Democrats noted that in 2016 Republican Senate Majority Leader Mitch McConnell blocked a vote on a Democratic appointee on the grounds that the vacancy should be filled by the next president. Senate Democratic leader Chuck Schumer did not rule out that his party might move in the future to end the filibuster, a procedural tactic under which the support of 60 members is required to move to a vote on legislation if the Republicans went ahead with the nomination. “We first have to win the majority. … But if we win the majority, everything is on the table,” he said. A majority of Americans, some 62% including many Republicans, told a Reuters/Ipsos poll that they thought the winner of the November election should get to nominate a justice to fill the vacancy. Justice Antonin Scalia, a close friend of Ginsburg’s, died in February 2016, but McConnell blocked a vote on Democratic President Barack Obama’s Supreme Court nominee, Merrick Garland.

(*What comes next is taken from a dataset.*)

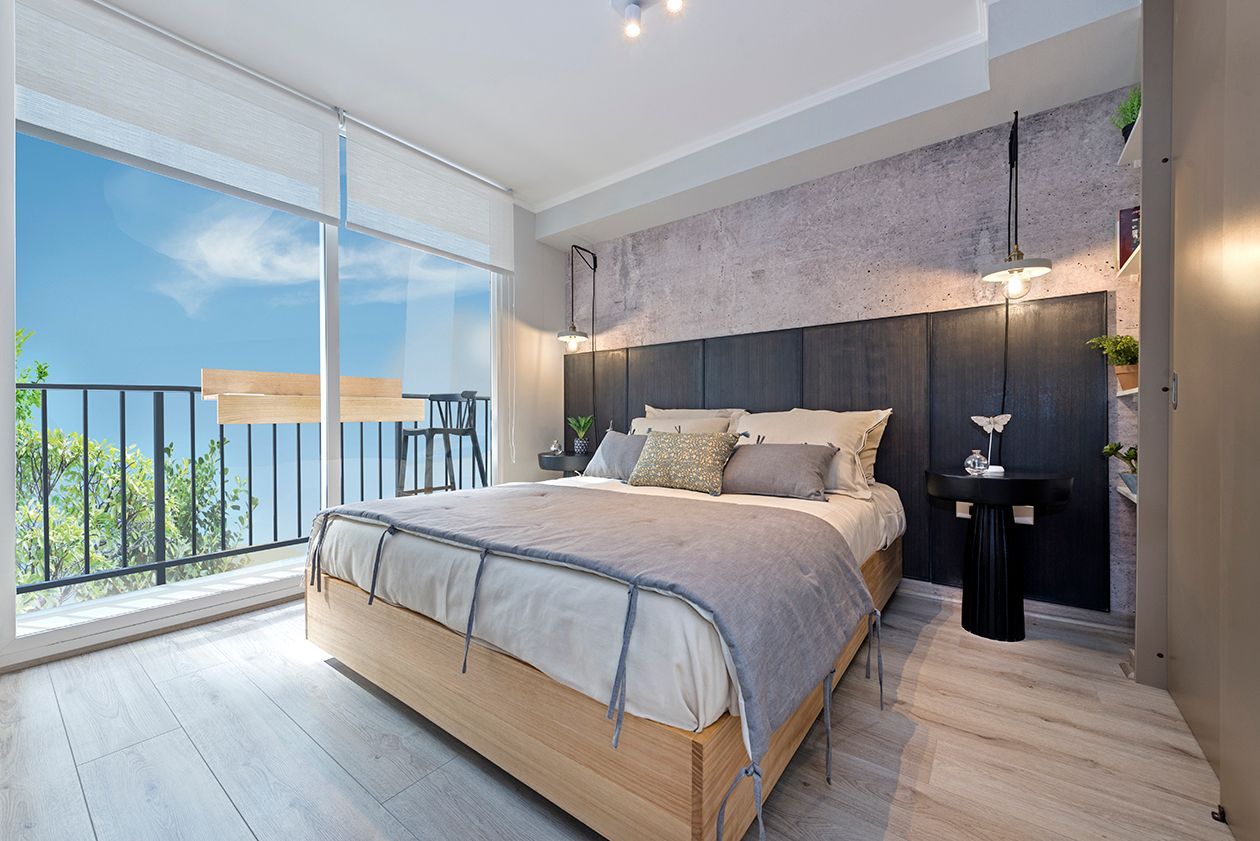 Habitación luminosa y moderna con cama, grandes ventanales y balcón con vistas al océano.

Justice Ruth Bader Ginsburg’s death upended the November election campaign, energizing both President Donald Trump’s conservative base, eager to see the court overturn the 1973 Roe v. Wade decision that legalized abortion nationwide, and presenting new complications in the battle for control of the US Senate. “I will be putting forth a nominee next week. It will be a woman,” President Trump said at a campaign rally in Fayetteville, North Carolina, where supporters chanted: “Fill that seat.” Trump and Senate Majority Leader McConnell have time to schedule a vote. While elections are on November 3, a new Congress will not be sworn in until January 3, with the winner of the presidential contest inaugurated on January 20.
Republican Senator John Barrasso, the second-highest-ranking Senate Republican and a strong ally of President Donald Trump on nearly every policy issue brushed off Democratic complaints in a September 22 interview. “Let’s be very clear – if the shoe were on the other foot and the Democrats had the White House and the Senate, they would right now be trying to confirm another member of the Supreme Court,” Barrasso said. Democrat Hillary Clinton, whom President Trump defeated in the 2016 election, called that view “indefensible.” “What’s happening in our country is incredibly dangerous,” said Clinton, whose husband, former President Bill Clinton, nominated Ginsburg to the court in 1993. “Our institutions are being basically undermined by the lust for power.”
President Donald Trump has already appointed two justices: Neil Gorsuch in 2017 and Brett Kavanaugh in 2018. Justice Kavanaugh was narrowly confirmed after a heated confirmation process in which he angrily denied accusations by a California university professor, Christine Blasey Ford, that he had sexually assaulted her in 1982 when the two were high school students in Maryland. On the other hand, Neil Gorsuch was somewhat easily confirmed in early 2017 but has ruled against President Trump at times on legal issues.